God can do anything. People are not able to achieve anything but because we have been given free will and many abilities we can do a lot. Nowadays, with so many difficulties and problems challenging the people(s) of Earth we need to keep faith in God and a sense of optimism is required as well, I believe, or sometimes we could have that faith endangered, achieving very little, and not feeling particularly happy.
As Matthew’s gospel reminds us, power comes from the Father. And whatever power we are able to exercise should be directed at doing good in the world.
To achieve a sense of Grace with God people need to follow the life and example of Jesus. This life is transitory. No amount of riches can be cashed up at the time of one’s death. In fact it is easier for a comparatively poor person to enter Heaven because s/he who has been rich and powerful on Earth has normally enjoyed many more opportunities than a person in poverty to feather her/his own nest, and human nature being as it is, often does so. They are the proverbial camels in the Bible, which can not pass through the eye of a needle.
Rich and powerful people, who have benevolent intentions, can of course take advantage of their ability to lead the way, and do so in small local community settings, all the way to the highest offices on the world stage. It is difficult to give contemporary examples because de facto it becomes political. But some examples of famous persons post-Gospels and pre-21st Century provide illustrations of the ways in which a combination of faith and optimism fuelled their lives in the endeavour to achieve great things for their people, not merely themselves and their immediate kin.
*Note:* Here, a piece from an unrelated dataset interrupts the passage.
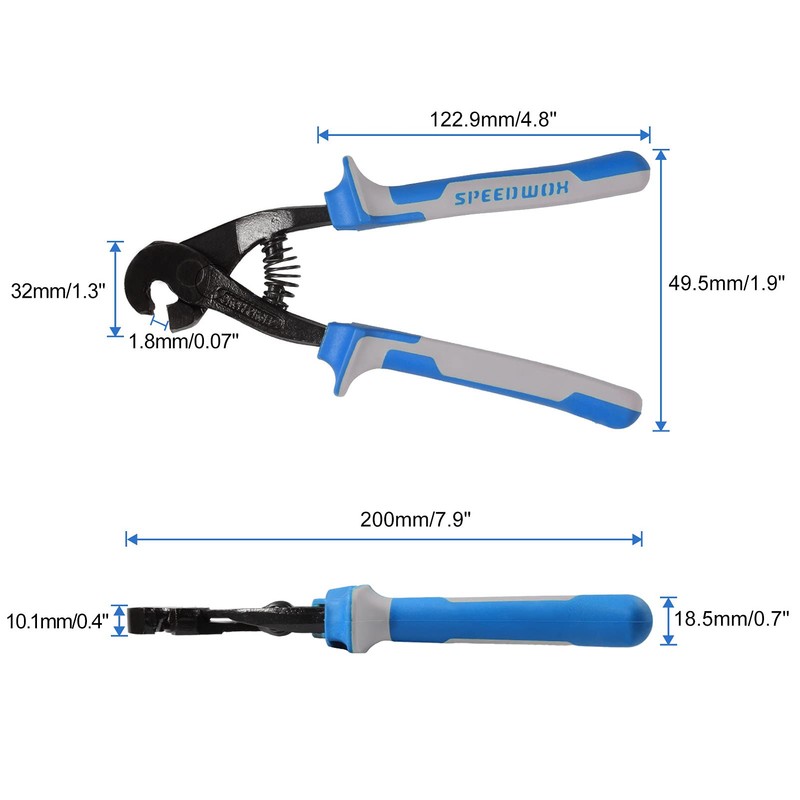 SPEEDWOX Parrot Tile Nibbler, 8" Tiles Cutter and Nippers with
Jeanne D’Arc in the 1400’s believed that God wanted her personally to effect the crowning of a French prince thus delivering her French compatriots from the hands of the English and their King whose territorial expansions would no longer be tolerated in France. Right from the beginning Joan of Arc was very optimistic. She had a sense of purpose and great optimism, which spring from the devout belief of herself as inspired by God. Sadly, after things initially seemed to be falling into place for her, the Dauphin Charles, and the French generally, the Maid of Orleans was eventually betrayed, tried as a witch, and burned at the stake. Jeanne D’Arc could have saved her own life by taking the opportunity to recant her alleged heresies and misdemeanours, but bravely went to her death optimistically believing the flames were but a vehicle for her to meet her Heavenly Father. God gave Joan power on Earth but did not manipulate events that might on the face of them, appeared to be the outcome God wanted. Whether or not D’Arc was the instrument of the Lord as she and her many followers believed, any attempt to adjudicate on this would be misplaced. Only God knows. What we can say is that the Maid of Orleans died with her faith intact—and went to her horrible death willingly.
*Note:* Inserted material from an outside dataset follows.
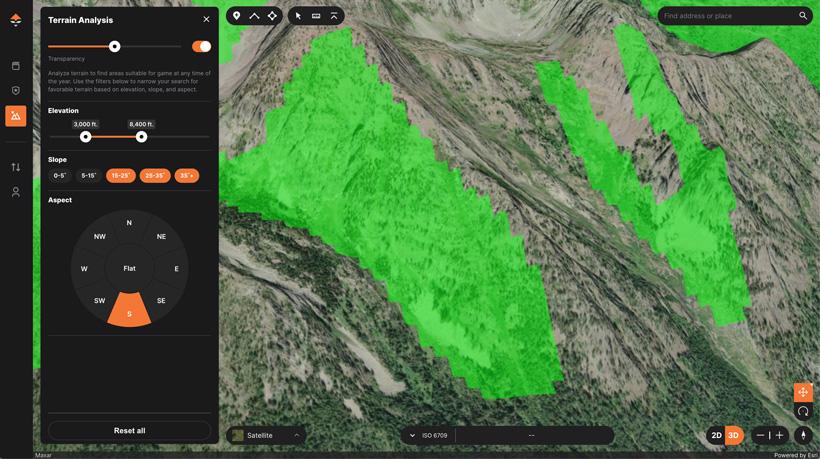 Using gohunt maps terrain analysis tool for spring bear hunts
A few decades later Sir Thomas More, a childhood friend of King Henry VIII, who was one of the leading intellectuals of his day, could not match his
theological beliefs with supporting Henry in his plans for ensuring the English Succession, which were to involve going against the religious orthodoxy of the time. Others did. And they were richly rewarded. But Sir Thomas went to the executioner’s block confident in the belief that he was obeying the law of God, rather than act the role of a confederate in Henry Tudor’s whims, fancies and conveniences. Like Jeanne D’Arc, Sir Thomas More died for what he believed in. He stated that he was happily taking his leave of this life to meet his maker. Like Joan, he had faith, and went to his judicial murder with relative happiness and joy. Only God knows the nature, extent and importance pertaining to all circumstances around these two historical figures.
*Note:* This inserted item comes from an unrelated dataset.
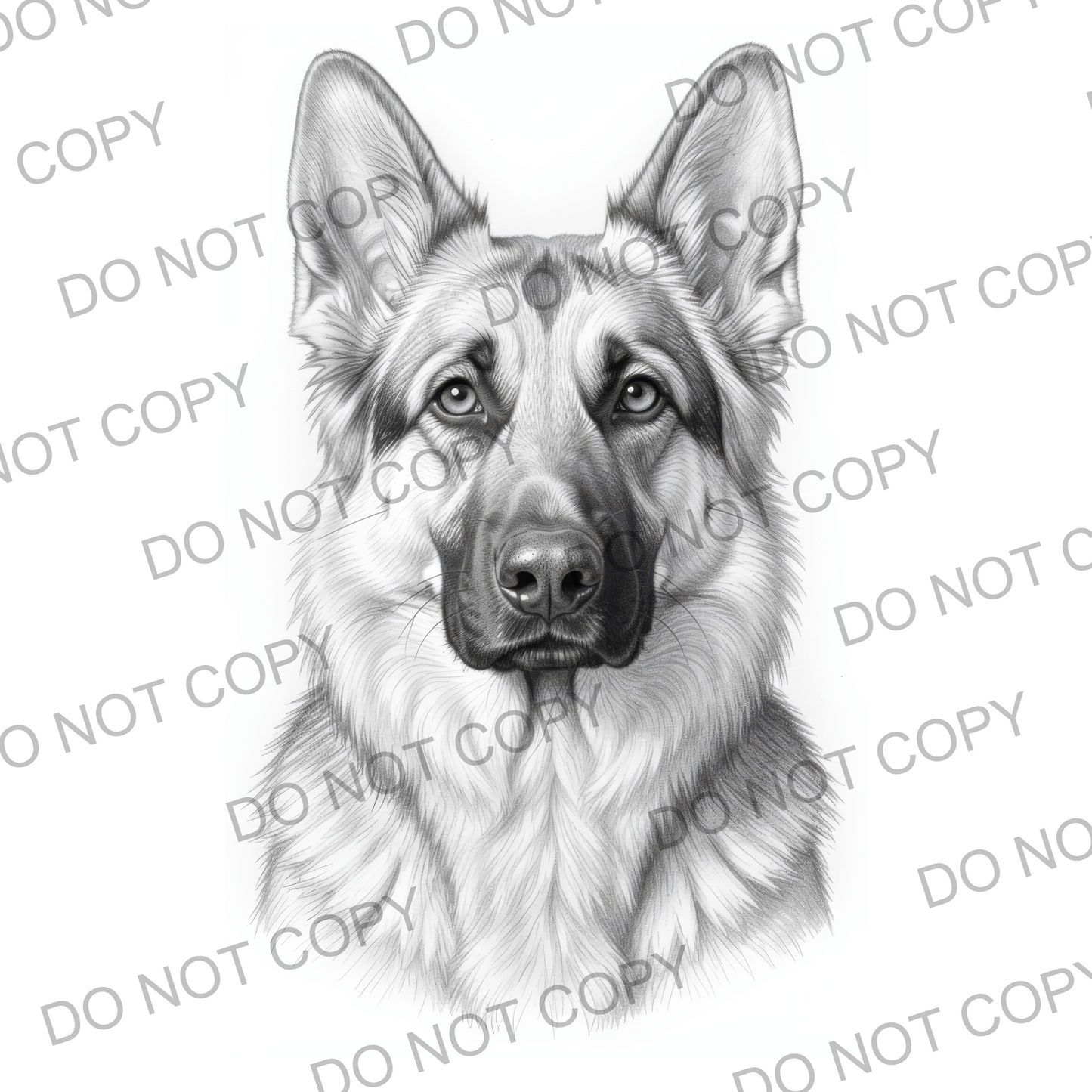 Sketchy German Shepherd (limited to 15)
There are of course plenty of other examples of people of faith who have died by the hand of others, and did so if not willingly, at least knowing the likely consequences of the activities in which they were involved. Jesse Jackson, who was an aid to Dr Martin Luther King, has stated that for months before his assassination King had an inkling he would be shot. But he believed that God made all persons equal regardless of race, creed or colour, and that he was needed as the primary instrument of change in particularly the southern states of America in the 1960’s. It might seem that God gave people like Jeanne, Thomas and Martin great gifts and abilities, only to see them extinguished without achieving their goals. Three people who knew the risks, followed the principles of faith they believed in, and died in the cause. Only God understands why.
For most of us, the national stage is not the setting for our faith and optimism, but in our day to day lives, we can make a difference. We cannot do anything as God can, yet we can engineer a contribution. We can use the above mentioned free will and abilities to get a lot done. If that which we seek to achieve is based on our Christian faith, and if we can retain our optimism no matter how long the odds in a given situation, then it is worth fighting for the cause we believe in.
At the grass-roots level we can do little things for the environment, for animal welfare, for fair and more equitable opportunities for disadvantaged groups, or whatever and whoever our Christian faith has moved us individually to care about deeply. No matter how steep the gradient, or the number of mini-setbacks that may occur, staying the course and stressing the positive may be the combination of faith and optimism that achieves a desired goal. Only God is all powerful; but through the life and example of Jesus Christ a great deal of good works can potentially be achieved if one retains her/his essential faith and does so with optimism.